**ACTIVITY**
Across all the records, filter for lines with the word "Wedding" and copy them.
++++ EXCERPTED DATA
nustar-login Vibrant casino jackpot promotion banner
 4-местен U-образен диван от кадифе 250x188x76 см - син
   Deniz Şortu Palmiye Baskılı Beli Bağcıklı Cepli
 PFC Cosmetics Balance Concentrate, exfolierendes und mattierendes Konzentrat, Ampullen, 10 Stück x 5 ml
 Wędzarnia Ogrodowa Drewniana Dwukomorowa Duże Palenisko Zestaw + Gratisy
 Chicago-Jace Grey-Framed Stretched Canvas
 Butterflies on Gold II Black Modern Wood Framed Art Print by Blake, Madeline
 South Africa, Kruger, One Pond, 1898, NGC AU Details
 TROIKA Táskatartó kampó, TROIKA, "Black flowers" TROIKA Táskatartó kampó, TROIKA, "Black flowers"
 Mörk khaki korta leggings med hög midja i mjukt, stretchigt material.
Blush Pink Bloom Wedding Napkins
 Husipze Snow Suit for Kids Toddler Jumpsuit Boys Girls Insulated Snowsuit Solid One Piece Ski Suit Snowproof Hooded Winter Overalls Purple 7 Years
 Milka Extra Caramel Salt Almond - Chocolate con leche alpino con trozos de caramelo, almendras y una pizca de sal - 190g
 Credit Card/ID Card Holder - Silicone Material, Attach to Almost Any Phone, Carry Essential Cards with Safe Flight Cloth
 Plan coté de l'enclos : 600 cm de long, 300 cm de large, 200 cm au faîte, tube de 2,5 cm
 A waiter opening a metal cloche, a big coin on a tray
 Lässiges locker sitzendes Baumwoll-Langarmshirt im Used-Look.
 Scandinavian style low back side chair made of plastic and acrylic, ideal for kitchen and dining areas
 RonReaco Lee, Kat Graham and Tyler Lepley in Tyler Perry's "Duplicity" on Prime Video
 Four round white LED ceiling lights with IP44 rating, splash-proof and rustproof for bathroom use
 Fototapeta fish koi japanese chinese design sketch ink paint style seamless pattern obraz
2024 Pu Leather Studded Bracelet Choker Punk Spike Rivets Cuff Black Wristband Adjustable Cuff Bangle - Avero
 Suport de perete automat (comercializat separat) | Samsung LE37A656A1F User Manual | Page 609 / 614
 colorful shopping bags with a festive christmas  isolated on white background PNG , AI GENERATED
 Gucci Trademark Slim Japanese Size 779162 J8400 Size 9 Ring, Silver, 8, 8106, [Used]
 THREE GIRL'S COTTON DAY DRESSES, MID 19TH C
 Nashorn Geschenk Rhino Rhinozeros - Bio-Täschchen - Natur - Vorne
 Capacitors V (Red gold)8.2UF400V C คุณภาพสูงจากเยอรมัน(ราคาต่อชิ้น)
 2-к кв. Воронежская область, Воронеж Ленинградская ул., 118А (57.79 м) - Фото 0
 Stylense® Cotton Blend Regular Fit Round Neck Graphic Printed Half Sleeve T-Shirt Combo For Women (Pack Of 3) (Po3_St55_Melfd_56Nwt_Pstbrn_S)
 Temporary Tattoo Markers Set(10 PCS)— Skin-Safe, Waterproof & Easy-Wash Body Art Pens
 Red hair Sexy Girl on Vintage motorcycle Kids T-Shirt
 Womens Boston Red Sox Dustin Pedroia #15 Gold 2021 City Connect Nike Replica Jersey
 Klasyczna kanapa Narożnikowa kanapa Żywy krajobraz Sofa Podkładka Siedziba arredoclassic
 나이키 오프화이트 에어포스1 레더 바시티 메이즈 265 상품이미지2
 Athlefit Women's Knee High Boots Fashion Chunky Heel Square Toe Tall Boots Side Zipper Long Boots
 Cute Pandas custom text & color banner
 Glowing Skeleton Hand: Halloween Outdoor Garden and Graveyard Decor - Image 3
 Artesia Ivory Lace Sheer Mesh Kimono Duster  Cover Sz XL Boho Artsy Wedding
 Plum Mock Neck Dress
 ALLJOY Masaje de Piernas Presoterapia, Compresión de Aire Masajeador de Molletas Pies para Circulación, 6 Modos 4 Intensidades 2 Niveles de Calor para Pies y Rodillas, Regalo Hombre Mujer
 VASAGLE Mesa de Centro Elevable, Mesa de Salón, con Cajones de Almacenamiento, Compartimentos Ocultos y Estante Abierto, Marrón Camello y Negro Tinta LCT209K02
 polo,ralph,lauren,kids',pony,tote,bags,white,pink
++++++++
**EXERCISE SOLUTION**
Blush Pink Bloom Wedding Napkins
 Artesia Ivory Lace Sheer Mesh Kimono Duster  Cover Sz XL Boho Artsy Wedding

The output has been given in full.